As I said, my talk also covered the EPAs and Brexit, but there is no space to discuss them in detail here. Essentially, on the EPAs, my argument was that they giveguaranteed access for 100% of African products to EU markets while protecting Africa’s “sensitive” products from EU exports. Furthermore, given the EU’s commitments on the development component of the EPAs, the agreements could help Africa address its “3C challenges” of competitiveness of supply capacity, conformity with international standards and connectivity with international markets. But the EPAs have divided Africa. Of the five African EPA regions, only the SADC EPA group, with its 6 members, has signed the agreement. Kenya is disappointed that Tanzania is refusing to sign the East African Community’s EPA. And, in ECOWAS, 13 of the 15 members have signed the agreement, with Nigeria holding out to the frustration of Ghana!
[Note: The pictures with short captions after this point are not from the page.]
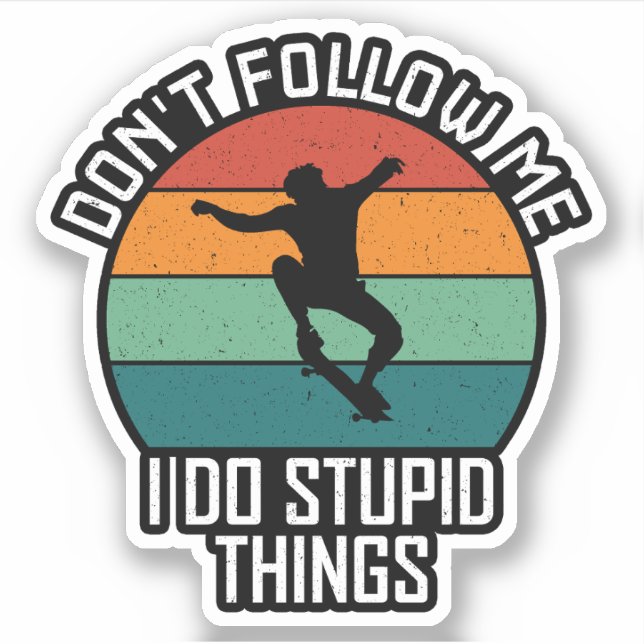 Don't Follow Me I Do Stupid Things Skateboarding  Sticker (Front)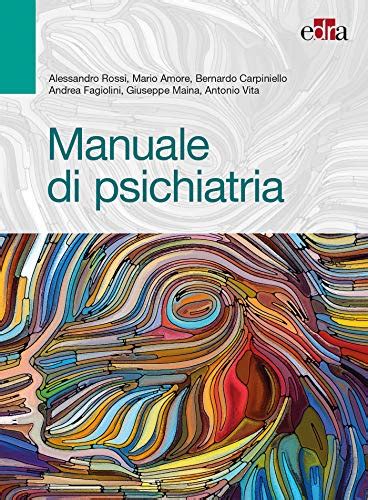 Manuale Di Psichiatria By Alessandro Rossi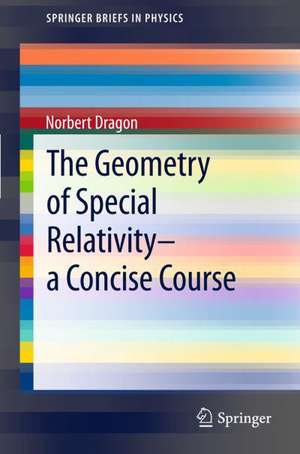 The Geometry of Special Relativity - a Concise Course de Norbert Dragon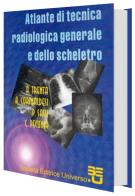 Atlante di tecnica radiologica generale e dello scheletro di A. Trenta, A. Corinaldesi, P. Sassi edito da Jaca Book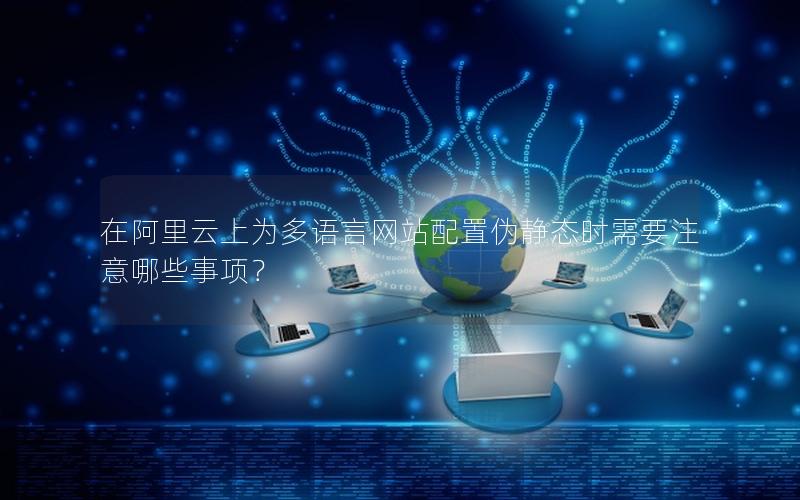 在阿里云上为多语言网站配置伪静态时需要注意哪些事项？
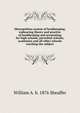Metropolitan system of bookkeeping, embracing theory and practice of bookkeeping and accounting for high schools, parochial schools, academies and all other schools teaching the subject, William A. b. 1876 Sheaffer 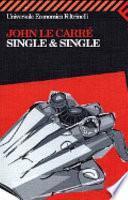 Single & single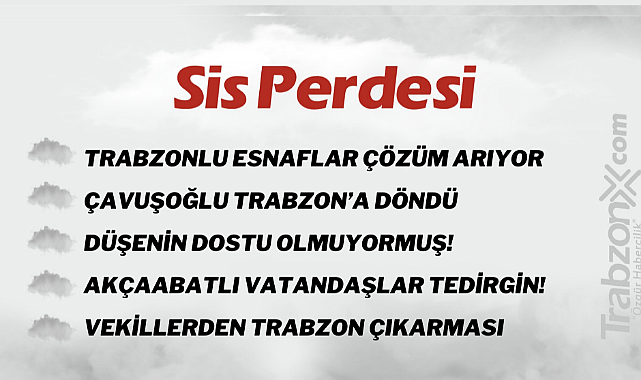 02.07.2023 SİS PERDESİ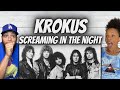OH YEAH!| FIRST TIME HEARING Krokus -  Screaming In The Night REACTION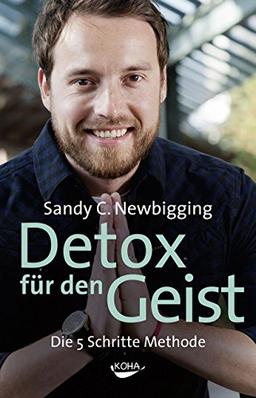 Detox für den Geist: Die 5-Schritte-Methode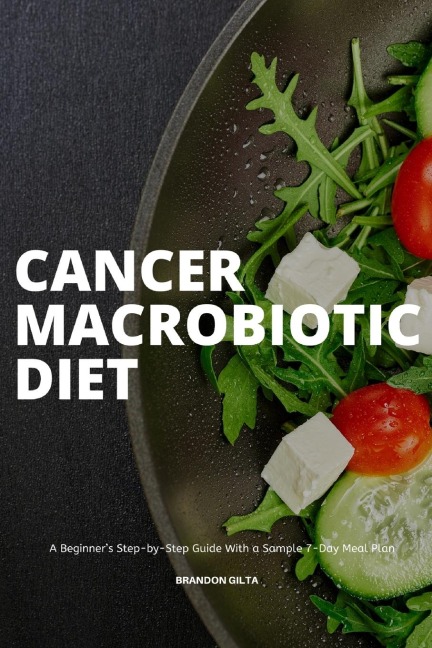 Cancer Macrobiotic Diet: A Beginners Step-by-Step Guide With a Sample 7-Day Meal Plan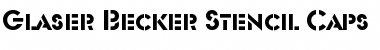 Glaser Becker Stencil Caps Font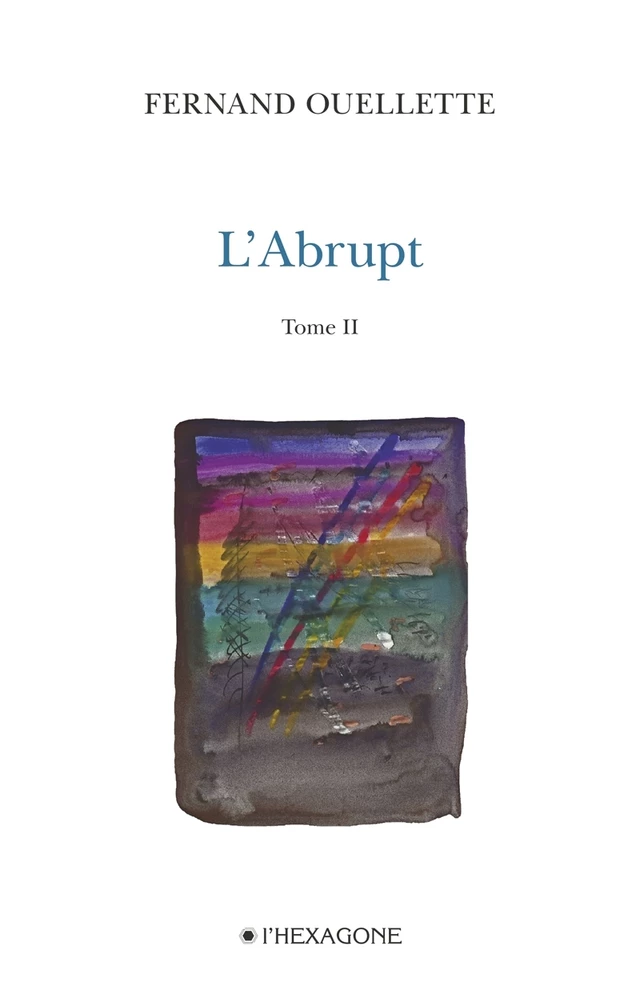 L'Abrupt - Tome 2 - Fernand Ouellette - Les Éditions de l'Hexagone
Finally, Brexit. The starting point is that Africa will lose a supportive voice in Brussels without Britain at the EU table. But an open Britain, with an independent trade policy, could benefit Africa, particularly with respect agricultural exports. So, Brexit could give Africa the best of both worlds: a guaranteed access to the EU market, if Africa signs the EPAs, and an increased trade with the UK, if Africa engages with Britain.

I left the conference with the message I started with: Africa must integrate internally and externally. “Integrate, integrate, integrate – therein lies Africa’s future”, I concluded. Pleasingly, it was well-received!